Table des matièresPage suivante


Avant-propos

Les dernières années du XXe siècle n'ont guère été favorables au secteur de l'alimentation et de l'agriculture dans le monde. Le rapport sur La situation de l'alimentation et de l'agriculture 2000 signale une très faible croissance de la production agricole mondiale en 1998, et les estimations pour 1999 ne sont pas plus encourageantes. Dans les pays en développement en particulier, où les résultats du secteur agricole sont primordiaux, les perspectives pour 1999 indiquent une forte baisse de la production végétale et animale, traduisant une tendance négative pour la troisième année consécutive. Cette période a été difficile pour beaucoup de ces pays qui ont dû faire face à des conditions climatiques particulièrement mauvaises, jointes à l'incidence économique négative de la crise financière qui a éclaté en 1997, à la chute des prix de plusieurs de leurs principaux produits d'exportation et, bien souvent, à une instabilité politique et à des conflits. Le bouleversement des approvisionnements alimentaires, associé à ces problèmes, a créé ou maintenu des crises alimentaires graves dans de nombreux pays - plus de 30 actuellement - dans le monde entier.

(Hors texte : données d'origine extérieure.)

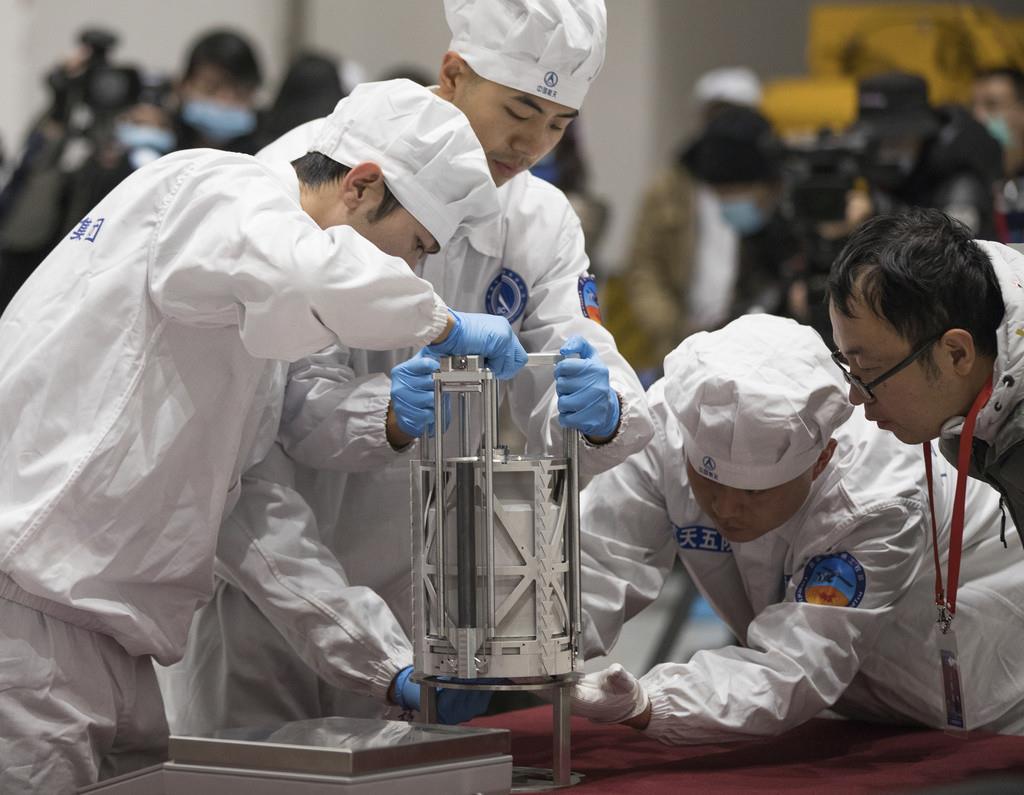 Fotografía del jueves 17 de diciembre de 2020 proporcionada por la agencia de noticias Xinhua de China de técnicos preparándose para pesar un contenedor con muestras lunares recopiladas por el módulo de aterrizaje Change 5 de China en Beijing. (Jin Liwang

La fin d'un millénaire offre une occasion unique de se pencher sur le passé et d'en tirer des enseignements pour l'avenir. Dans son chapitre spécial intitulé «L'alimentation et l'agriculture dans le monde: enseignements des 50 dernières années», le rapport sur La situation de l'alimentation et de l'agriculture 2000 analyse les succès et les échecs de l'homme dans sa lutte contre la faim et la pauvreté depuis un demi-siècle, suscitant une réflexion à la fois historique et prospective.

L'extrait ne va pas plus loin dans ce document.